Collection entries
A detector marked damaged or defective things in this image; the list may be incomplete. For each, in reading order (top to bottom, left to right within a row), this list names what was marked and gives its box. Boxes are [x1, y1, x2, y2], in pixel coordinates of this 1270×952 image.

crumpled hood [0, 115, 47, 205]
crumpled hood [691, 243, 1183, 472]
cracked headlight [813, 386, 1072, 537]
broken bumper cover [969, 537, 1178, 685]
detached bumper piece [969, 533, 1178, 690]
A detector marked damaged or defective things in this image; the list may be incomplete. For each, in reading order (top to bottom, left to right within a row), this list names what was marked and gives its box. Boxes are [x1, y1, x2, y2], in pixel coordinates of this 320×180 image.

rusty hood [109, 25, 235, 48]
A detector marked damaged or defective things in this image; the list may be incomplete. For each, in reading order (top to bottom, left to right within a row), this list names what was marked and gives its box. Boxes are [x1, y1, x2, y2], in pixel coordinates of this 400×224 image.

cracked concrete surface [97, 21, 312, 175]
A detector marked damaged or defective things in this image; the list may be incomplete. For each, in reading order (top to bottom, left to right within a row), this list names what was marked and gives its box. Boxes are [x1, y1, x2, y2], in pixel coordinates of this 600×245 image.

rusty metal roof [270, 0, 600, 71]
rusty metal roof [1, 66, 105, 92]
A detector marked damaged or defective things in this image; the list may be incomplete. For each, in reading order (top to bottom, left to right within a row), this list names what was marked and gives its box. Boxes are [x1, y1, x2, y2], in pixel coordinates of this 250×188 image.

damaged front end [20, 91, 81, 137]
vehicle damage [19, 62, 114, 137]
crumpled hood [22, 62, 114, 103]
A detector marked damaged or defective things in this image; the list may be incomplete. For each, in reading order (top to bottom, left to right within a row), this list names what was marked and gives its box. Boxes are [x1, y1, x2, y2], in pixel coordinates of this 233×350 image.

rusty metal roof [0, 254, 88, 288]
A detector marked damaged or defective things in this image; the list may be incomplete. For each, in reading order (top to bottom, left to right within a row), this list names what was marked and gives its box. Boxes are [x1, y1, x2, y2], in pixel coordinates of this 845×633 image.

● **TASK OBJECTIVE**
Repeat exactly the lines from the one containing "this 400×224 image." through the last line of the records above, both included, and nothing else.

● **OUTPUT OF THE EXERCISE**
A detector marked damaged or defective things in this image; the list may be incomplete. For each, in reading order (top to bottom, left to right within a row), this list names what was marked and gives its box. Boxes are [x1, y1, x2, y2], in pixel coordinates of this 400×224 image.

cracked concrete surface [97, 21, 312, 175]
A detector marked damaged or defective things in this image; the list may be incomplete. For each, in reading order (top to bottom, left to right within a row), this list names what was marked and gives its box. Boxes are [x1, y1, x2, y2], in pixel coordinates of this 600×245 image.

rusty metal roof [270, 0, 600, 71]
rusty metal roof [1, 66, 105, 92]
A detector marked damaged or defective things in this image; the list may be incomplete. For each, in reading order (top to bottom, left to right within a row), this list names what was marked and gives its box. Boxes are [x1, y1, x2, y2], in pixel coordinates of this 250×188 image.

damaged front end [20, 91, 81, 137]
vehicle damage [19, 62, 114, 137]
crumpled hood [22, 62, 114, 103]
A detector marked damaged or defective things in this image; the list may be incomplete. For each, in reading order (top to bottom, left to right within a row), this list names what was marked and gives its box. Boxes are [x1, y1, x2, y2], in pixel coordinates of this 233×350 image.

rusty metal roof [0, 254, 88, 288]
A detector marked damaged or defective things in this image; the list may be incomplete. For each, in reading order (top to bottom, left to right within a row), this list names what was marked and gives its box. Boxes are [x1, y1, x2, y2], in pixel coordinates of this 845×633 image.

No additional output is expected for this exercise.